Потому термин «интеллектуальная функция» – новый и нетронутый – необходим нам исключительно из прагматических соображений – как чистый лист бумаги (на листах с «мышлением», «интеллектом» и «сознанием» давно не осталось живого места – все зачеркнуто, переписано, снова перечеркнуто такое количество раз, что разобрать возникший сумбур категорически невозможно). Что же такое интеллектуальная функция? «Функцию» в данном случае надо понимать двояко. Да, функция интеллекта – это решение задач. Но когда мы говорим об «интеллектуальной функции», необходимо помнить и о философском определении «функции» (© Г. В. Лейбниц, Э. Кассирер), а «функция» здесь – это такое отношение между объектами, когда изменение одного из них приводит к изменению другого. Другими словами, интеллектуальная функция – это механика нахождения новых соотношений между объектами мышления. Работа интеллектуальной функции, таким образом, состоит в создании нового интеллектуального объекта.

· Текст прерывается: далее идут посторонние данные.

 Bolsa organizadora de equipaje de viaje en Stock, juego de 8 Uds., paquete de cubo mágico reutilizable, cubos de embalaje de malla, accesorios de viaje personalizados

При этом нужно понимать (и в этом нам чрезвычайно помогает нобелевский лауреат Даниэль Канеман), что интеллектуальное действие зачастую совершенно не является таким уж интеллектуальным. Наш мозг ленив – он любит шаблоны, стереотипы, готовые ответы, а озадачиваться вопросом и искать новое решение – это для него работа, которую он готов выполнять лишь будучи припертым к стенке. Всякий раз, когда вы сталкиваетесь с какой-то ситуацией, ваш мозг сразу предлагает вам готовое решение (Канеман называет это работой мыслительной «Системы 1»), и это частенько срабатывает. По сути же, перед нами действие нехитрого условного рефлекса – это автоматизм, а не «работа мысли». Если же готового решения нет или оно не подходит, нашему мозгу приходится «пораскинуть мозгами», и тогда включается «Система 2» (по тому же Канеману): мозг ищет новый, неведомый ему еще путь решения проблемы, в результате чего и появляется новый интеллектуальный объект, а интеллектуальная функция действительно работает.

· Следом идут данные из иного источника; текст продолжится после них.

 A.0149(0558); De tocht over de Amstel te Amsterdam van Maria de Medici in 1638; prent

Дефиниция интеллектуальной функции, как вы уже, наверное, поняли, вещь тонкая и сложная: решить, что Эльза надела слишком короткую юбку, – это просто сравнить некие шаблоны, уже существующие в сознании ее супруга (привычки Эльзы, общественные стереотипы и т. д.), а например, придумать фасон новой юбки – для этого уже необходима работа интеллектуальной функции. По большому счету, упомянутое мыслительное действие супруга Эльзы можно запрограммировать, призвав на помощь машину Тьюринга. Но вот создать новый фасон юбки или, например, новую парадигму в естествознании (что, кстати, и сделал супруг Эльзы) – машине Тьюринга не под силу (хотя сам Тьюринг, возможно, и справился бы). Так что, грубо говоря, все, что может рассчитать машина Тьюринга – это хотя и работа функции, но еще не интеллектуальной. Да, эта гипотетическая машина, теоретически, может рассчитать любую теорию относительности – и специальную, и общую, но она не осмыслит их как самостоятельный и новый интеллектуальный объект, не выделит его в качестве такового. Отличие интеллектуальности от сколь угодно сложного счета именно в этой способности и состоит.